Jim: Duly noted and it is fair of you to say so. It’s a heck of a stapler, to be sure. And a beautiful object that I just enjoy having on my desk. Thank you for your comment. :)
.
Ms. Bien
I am pleased to contribute to your wonderful piece. From your map research, I stand by my guess that this barn was a gable barn at the time of the dairy entries. The farm is between 11 and 16 years old when Mamie was born (I guessed the earliest year for the farm to be 1857 assuming that the establishment of the farm did not happen a moment after the 1856 map was published.) Within this time frame one can imagine the establishment of the farm to profitability and the loss of the two children you noted. From my perspective I would not expect a gambrel barn to be built in Michigan between 1857 and 1864. Only if the barn was brand new when Mamie was writing would I expect it to be a grambrel; and then it still may not have been. With only one year of dairy entries (which is all I think you have) it’s hard to flesh out the history, but its fun to try.
David
I really appreciate your putting in a plug for the Pittsfield Library’s barn raising here. I am looking forward to bringing this scaled model of a real barn to AA and to spending the afternoon talking about and building a barn. Working with this barn at different venues around the state has been incredibly rewarding and fun for many kids; and adults as well.
After we brought the barn to the Leland School System for a very aggressive program (all of the 3rd, 4th,7th and 8th graders in the school; 150 students in two days!) I wrote the following for the MBPN’s newsletter. “The barn was raised in a relatively short time frame transforming the 100 or so parts into one building; eliciting exclamations and applause each time. Shy kids were grinning ear to ear as the barn took shape. It was all we could do at times to keep a safe pace as seeing the first bent made them anxious to see the second, and then the third; it was a real building and they were building it themselves. The enthusiasm was absolutely contagious and spread from the students to the teachers; everyone lent a hand. And seeing everyone working side-by-side, helping each other regardless of age or position, was nothing short of magical.”
I think it is great opportunity to be a part of a real barn raising; and it is real. Even scaled-down this barn has to be erected just like a real barn and it takes many hands. I have now erected it many times and each time I still have a sense of accomplishment. It is also a wonderful opportunity for children, and adults, to spend some quality time considering how people have been building wooden buildings for thousands of years. Oh and we get to talk about barns and farming, a well as history and community, and so much more.
It is my desire to overwhelm the library with participants so I hope all of you will consider attending. Also all of you should know that if you have an event where this barn could prove to be valuable the MBPN would be interested to try to work with you. This barn has been to barn conventions, agricultural expositions, state fairs, schools, career expositions, heritage festivals all over the state and beyond and has been well received. If you would like more information feel free to contact me at cbultman@flash.net.

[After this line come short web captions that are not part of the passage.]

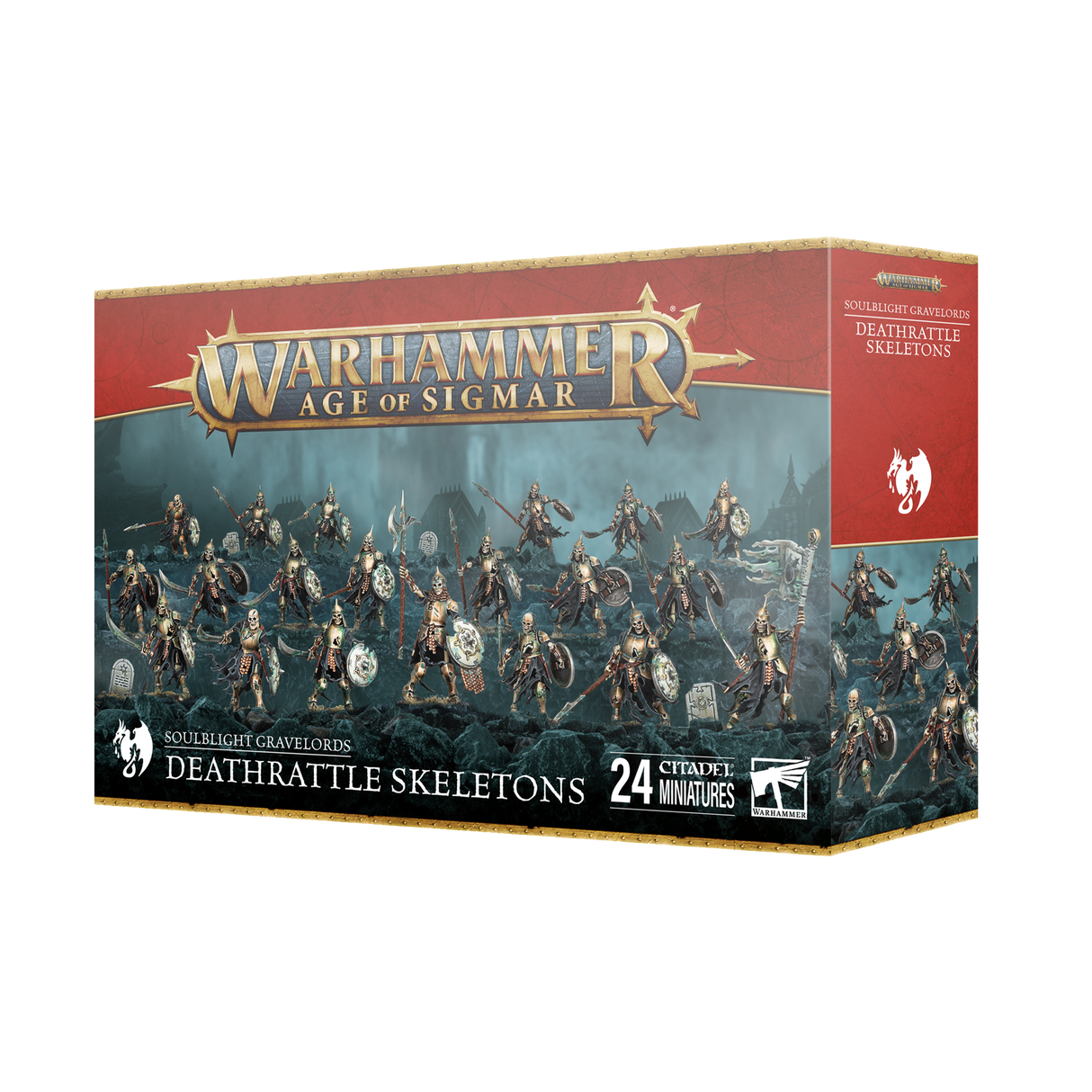 Deathrattle Skeletons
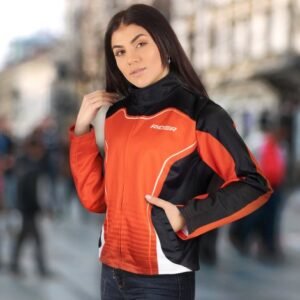 121186-3 Custom Womens Sports Jacket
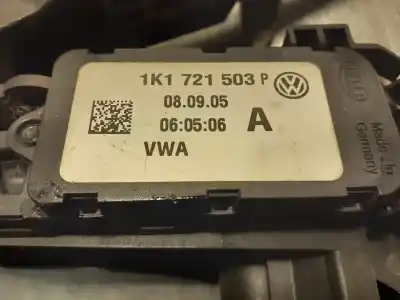 Автозапчастина б/у педальний потенціометр для skoda octavia ii combi (1z5) 1.9 tdi посилання на oem iam 1k1721503p  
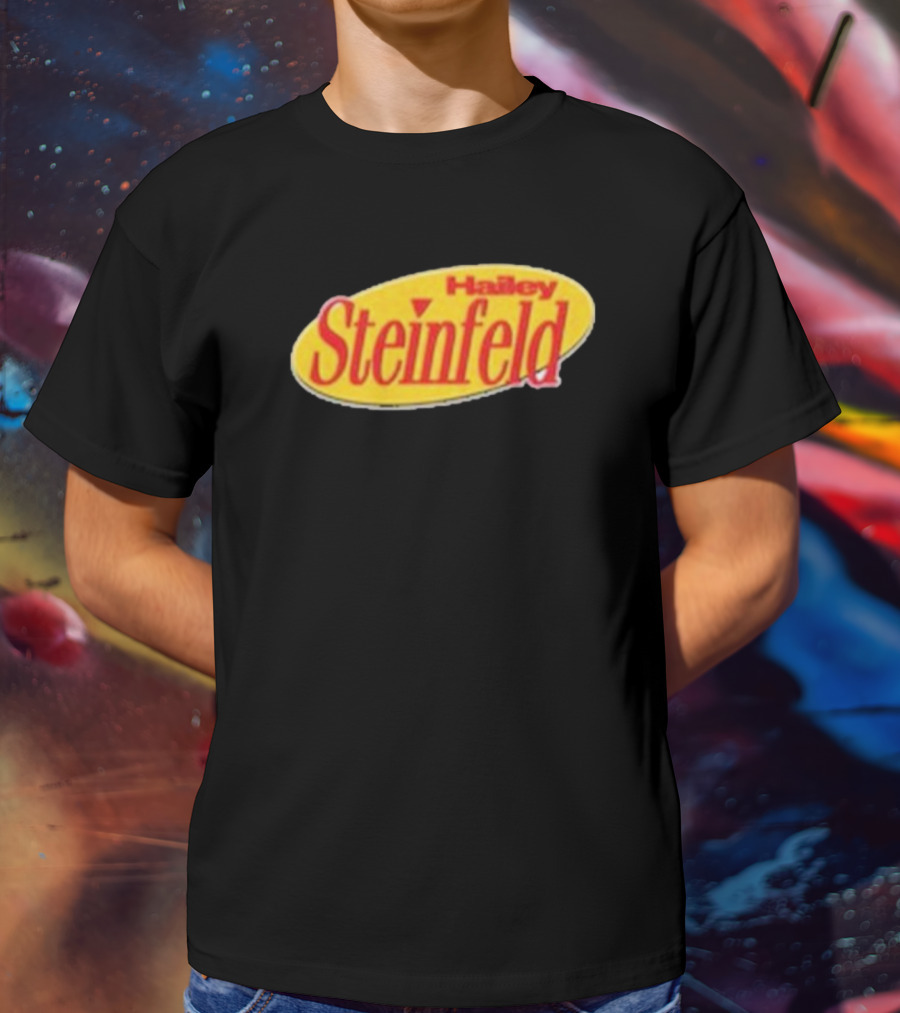 Hailey Steinfeld Heinz T-Shirt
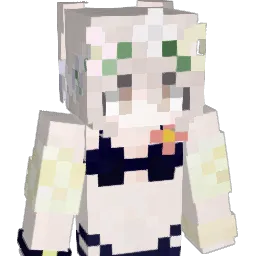 Kagari_Sama Minecraft avatar bust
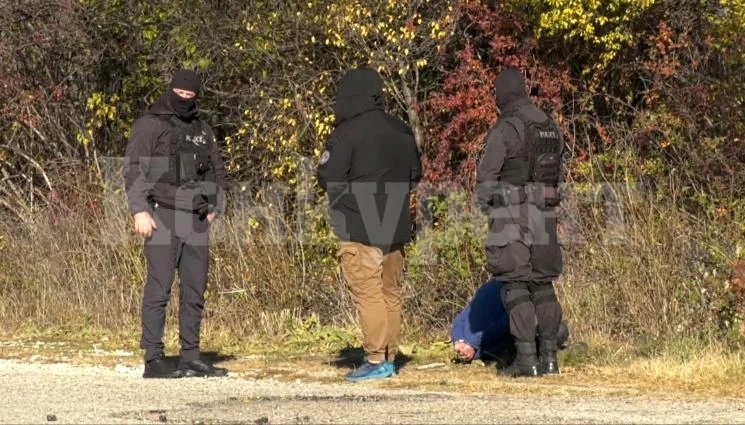 НАСИЛИЕ ОТ УНИФОРМЕНИ: Тримата закопчани граничари пребили бежанци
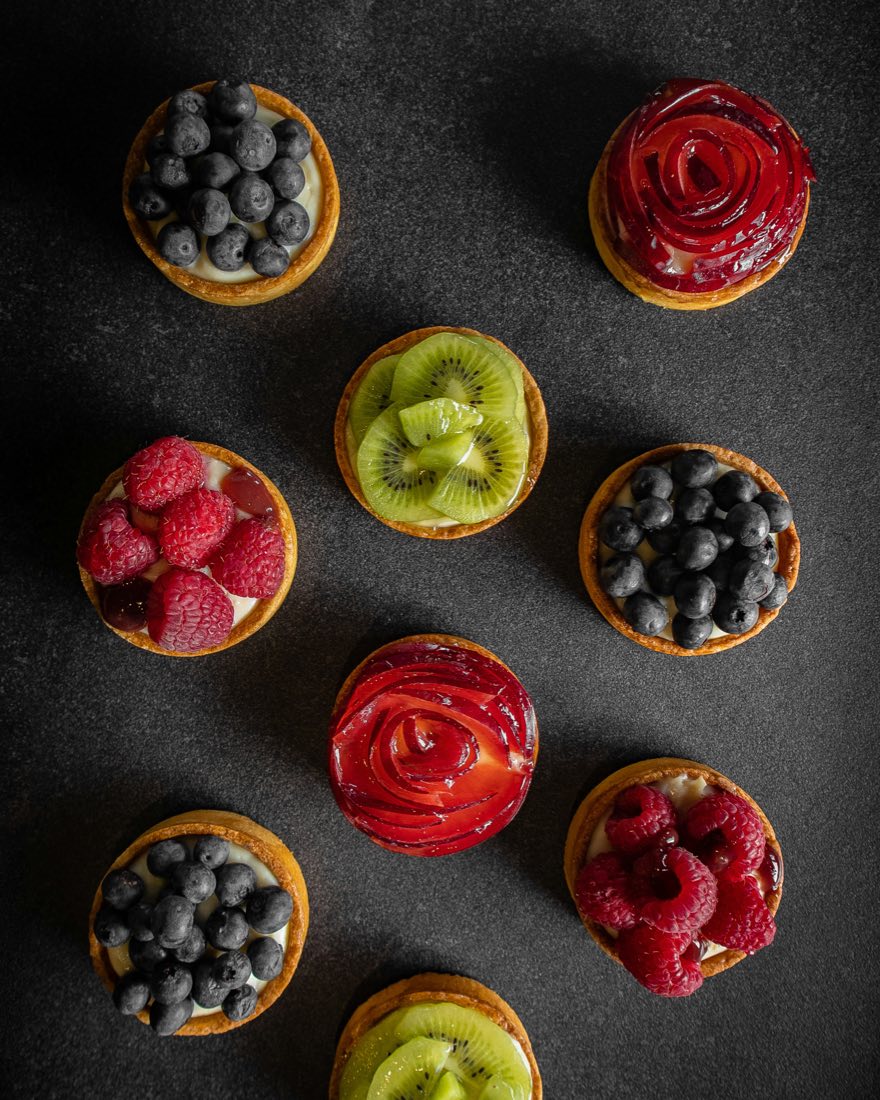 Fournisseur de desserts pour traiteurs événementiels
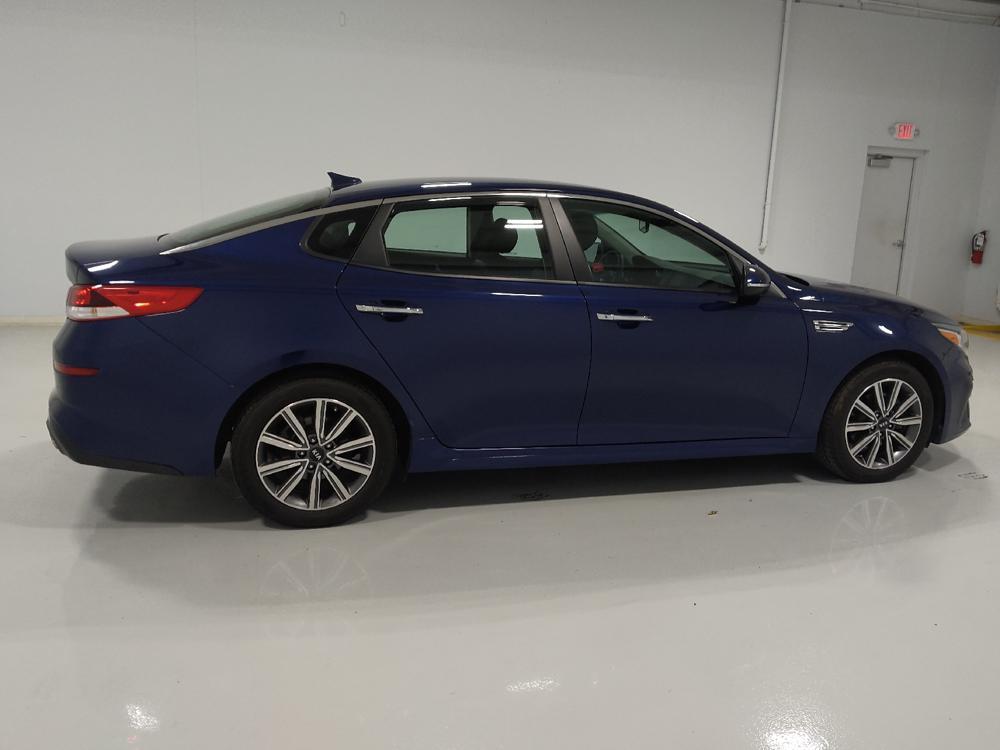 used 2019 Kia Optima car, priced at $17,995
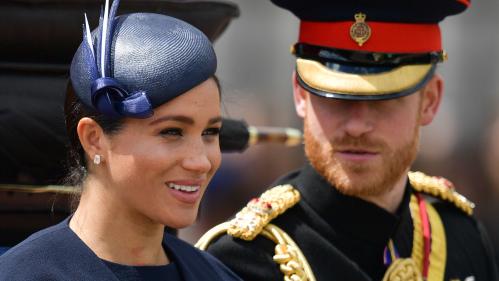 Comment le prince Harry et Meghan gagnent-ils leur vie ?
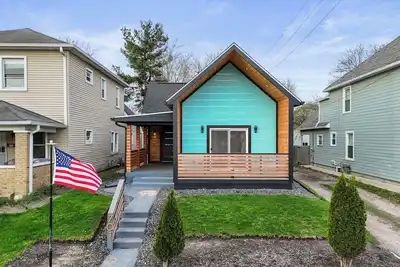 Image de New Indy Game House- Theater + Arcade - Sleeps 12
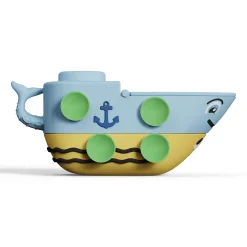 Educators Resource Griddly Kids BobBee: Splash-Tastic STEM Water Toy* Bath Toys|Social & Emotional Skills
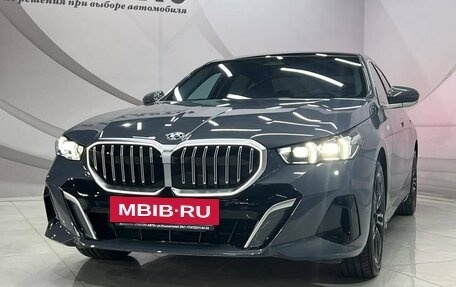 BMW 5 серия, 2024 год, 9 590 000 рублей, 2 фотография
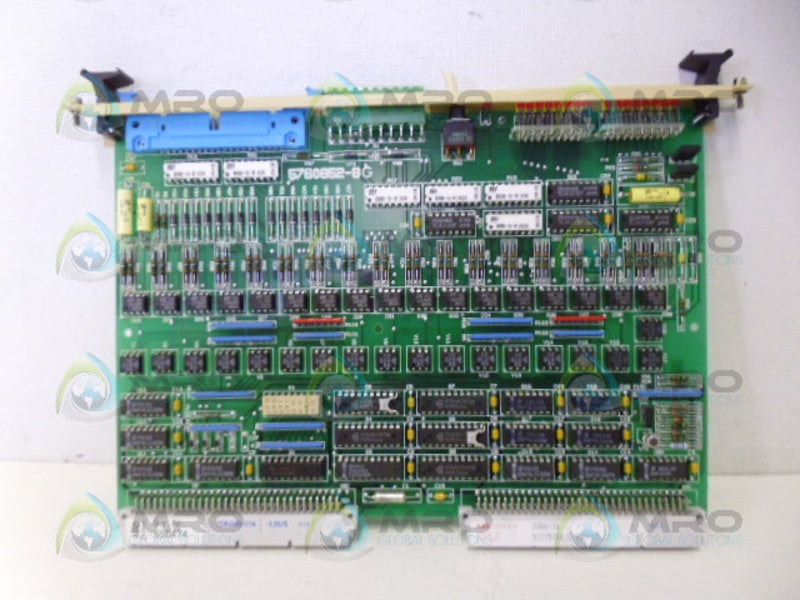 STROMBERG DO86-16 OUTPUT BOARD UNMP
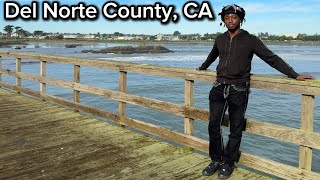 Del Norte County, California – Mysterious Trees, Foggy Coast & Crescent City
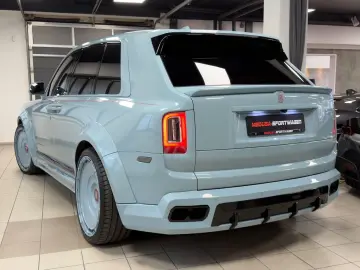 ROLLS ROYCE CULLINAN NOVITEC OVERDOSE BESPOKE EXECUTIV FULL!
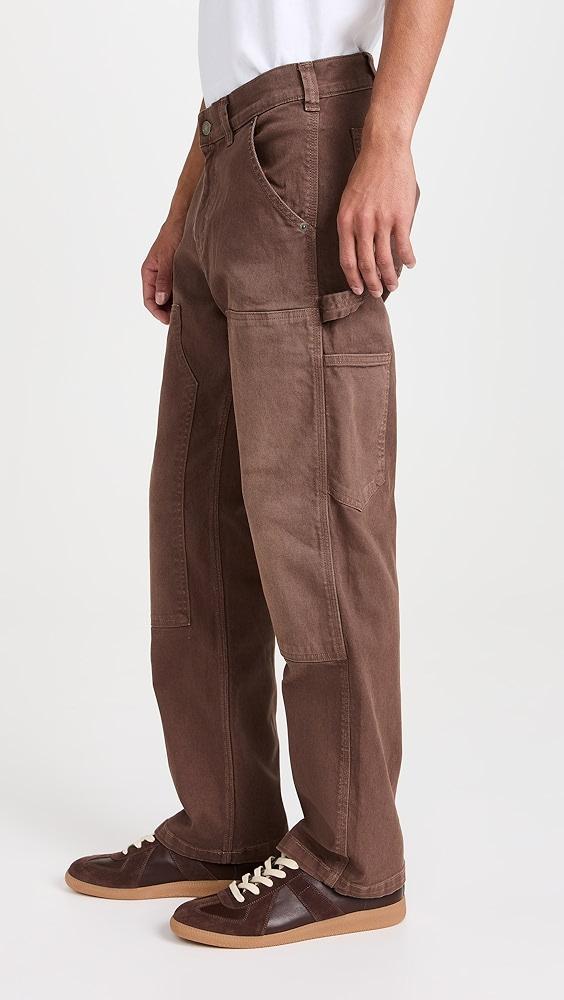 Corridor Carpenter Jeans | Shopbop Product Image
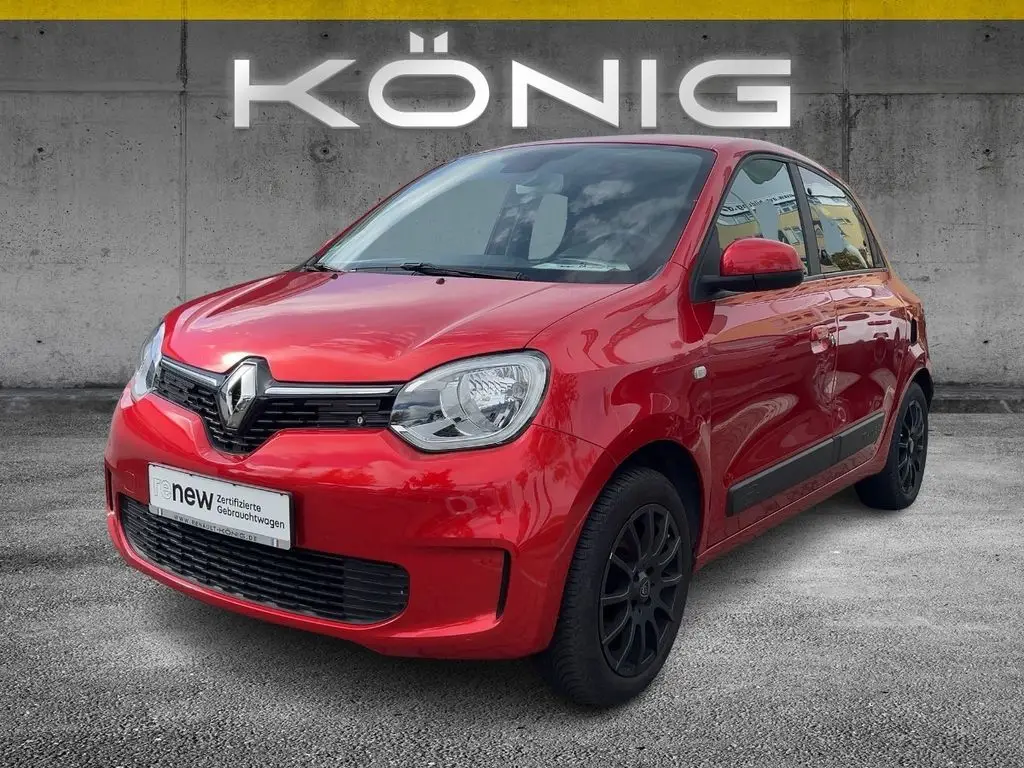 Photo 1 : Renault Twingo 2020 Petrol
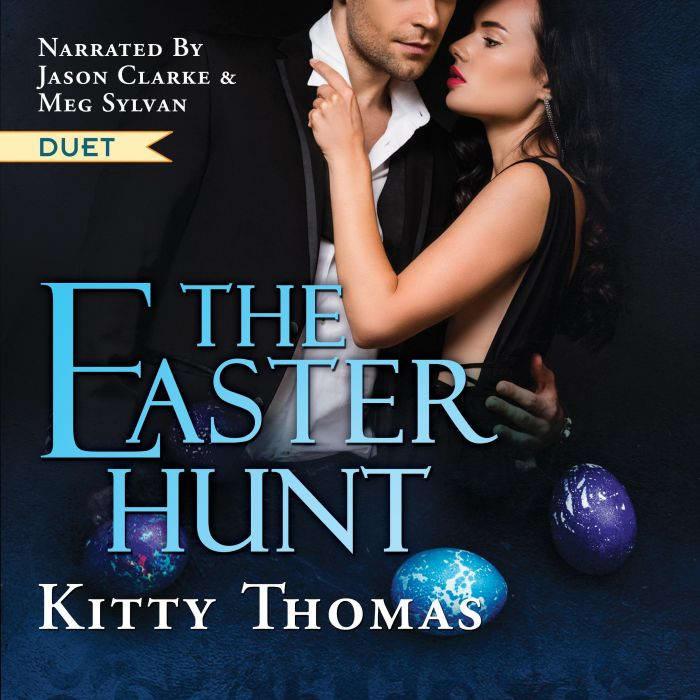 The Easter Hunt, Kitty Thomas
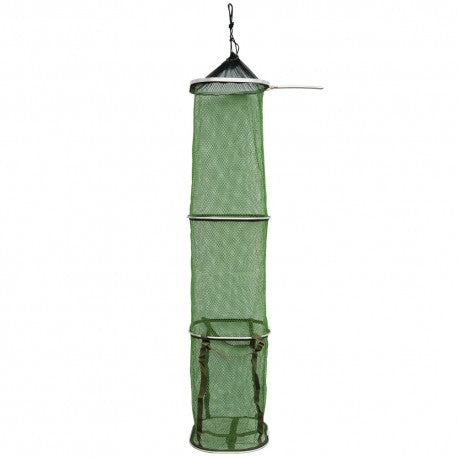 Baracuda Fishing Keepnet N15 Rectangular Eco Mesh 41x32cm 1.5m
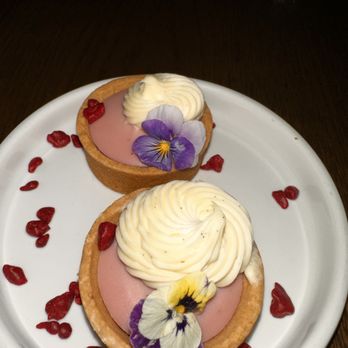 Klaw Miami - Raspberry tarts - Steakhouses Near Me - Miami, Florida Klaw Miami - Raspberry tarts - Steakhouses Near Me - Miami, Florida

You can also see photos of the barn at the MBPN’s website [link].
p.s.
David, I purposefully squandered the previous comment slot as I did not wish to have that number next to my comment. I hope you can understand.
Laura,
My daughter & I have put our heads together and we believe the mystery object to be for picking up ice chips.
Irene
For those who enjoy tasty “corn on the cob,” a device such as this would be handy for grabbing the ears of corn out of a pot of boiling water. It would be even handier/safer, if the handle were extended a bit.